[[ Information shown, beginning ]]
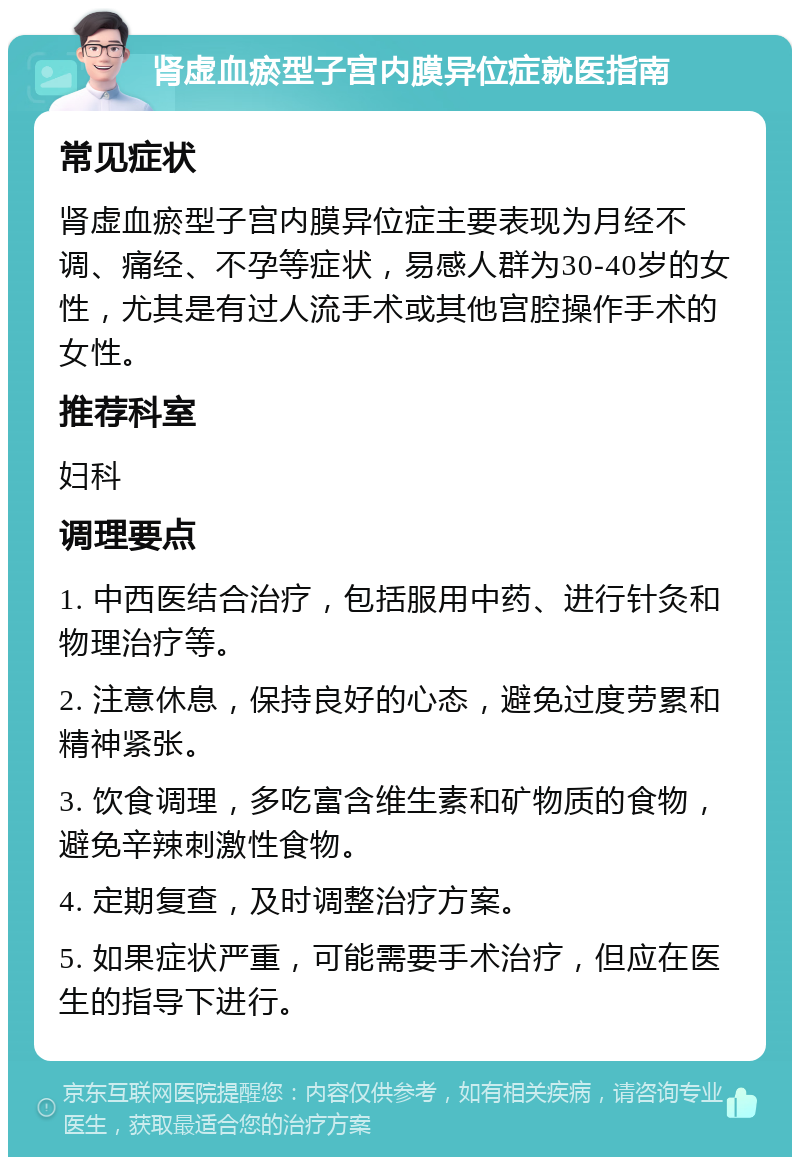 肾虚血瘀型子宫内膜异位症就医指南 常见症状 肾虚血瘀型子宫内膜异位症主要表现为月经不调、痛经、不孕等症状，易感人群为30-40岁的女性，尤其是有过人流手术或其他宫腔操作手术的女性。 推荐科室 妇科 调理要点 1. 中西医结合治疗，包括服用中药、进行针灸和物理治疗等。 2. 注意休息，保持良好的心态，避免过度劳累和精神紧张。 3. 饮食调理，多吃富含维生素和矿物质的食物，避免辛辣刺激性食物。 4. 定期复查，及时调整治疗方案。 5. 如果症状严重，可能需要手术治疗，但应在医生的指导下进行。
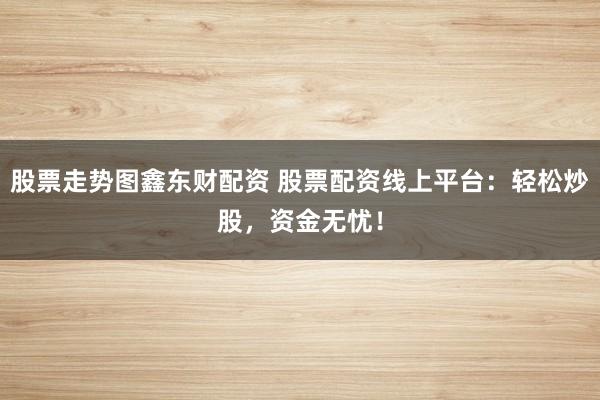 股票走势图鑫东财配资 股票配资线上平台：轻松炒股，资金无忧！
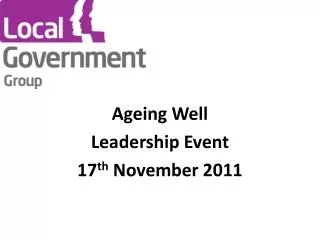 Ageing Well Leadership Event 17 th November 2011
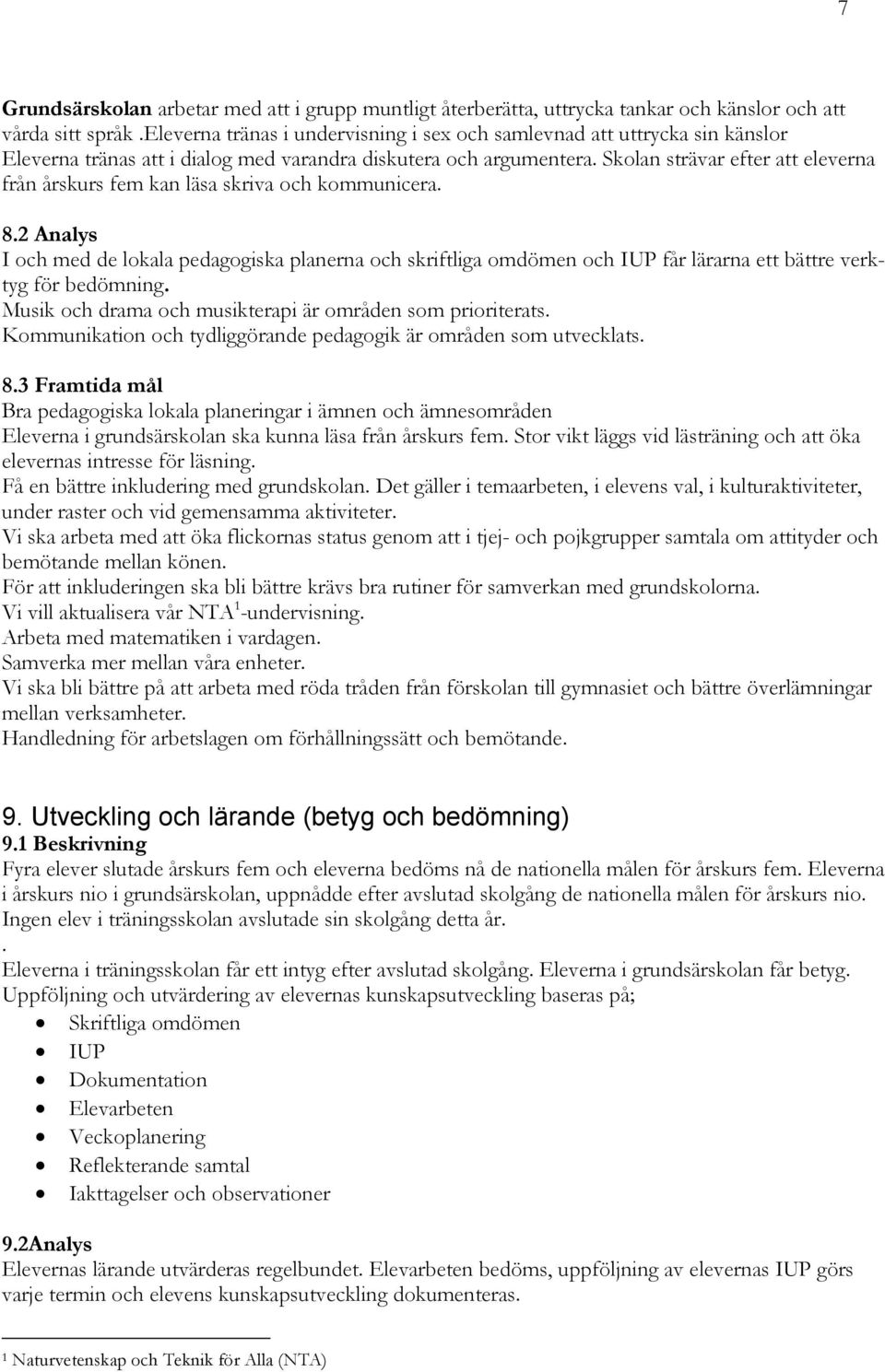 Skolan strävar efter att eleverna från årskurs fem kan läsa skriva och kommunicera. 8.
[[ Information shown, end ]]
* Assignment
Word for word, restate every line of the listing, omitting the pictures.

* Problem solution
 肾虚血瘀型子宫内膜异位症就医指南 常见症状 肾虚血瘀型子宫内膜异位症主要表现为月经不调、痛经、不孕等症状，易感人群为30-40岁的女性，尤其是有过人流手术或其他宫腔操作手术的女性。 推荐科室 妇科 调理要点 1. 中西医结合治疗，包括服用中药、进行针灸和物理治疗等。 2. 注意休息，保持良好的心态，避免过度劳累和精神紧张。 3. 饮食调理，多吃富含维生素和矿物质的食物，避免辛辣刺激性食物。 4. 定期复查，及时调整治疗方案。 5. 如果症状严重，可能需要手术治疗，但应在医生的指导下进行。
 股票走势图鑫东财配资 股票配资线上平台：轻松炒股，资金无忧！
 Ageing Well Leadership Event 17 th November 2011
 Skolan strävar efter att eleverna från årskurs fem kan läsa skriva och kommunicera. 8.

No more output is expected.